*GIVEN RECORDS*

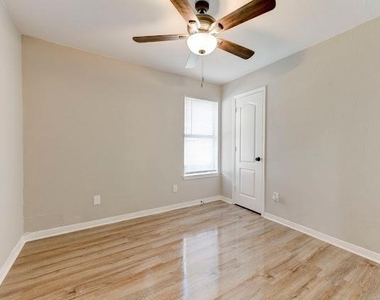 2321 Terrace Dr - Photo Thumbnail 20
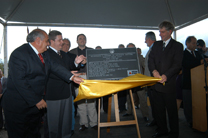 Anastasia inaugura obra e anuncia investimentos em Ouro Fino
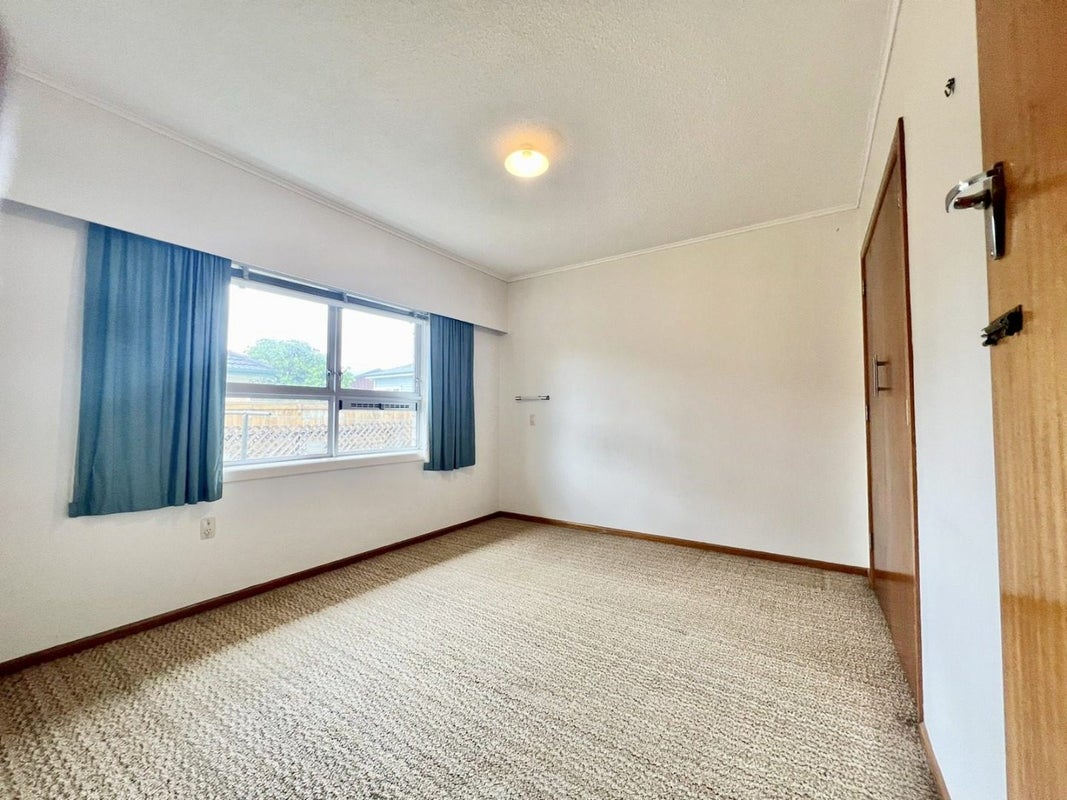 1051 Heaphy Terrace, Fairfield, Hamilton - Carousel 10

---

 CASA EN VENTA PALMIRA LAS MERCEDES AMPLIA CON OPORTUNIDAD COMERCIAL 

*TASK GOAL*
What you return from the records above should be exactly everything from the line with "2321 Terrace Dr - Photo Thumbnail 20" down to the line with "1051 Heaphy Terrace, Fairfield, Hamilton", both kept, and no pictures.

*RESULT*
 2321 Terrace Dr - Photo Thumbnail 20
 Anastasia inaugura obra e anuncia investimentos em Ouro Fino
 1051 Heaphy Terrace, Fairfield, Hamilton - Carousel 10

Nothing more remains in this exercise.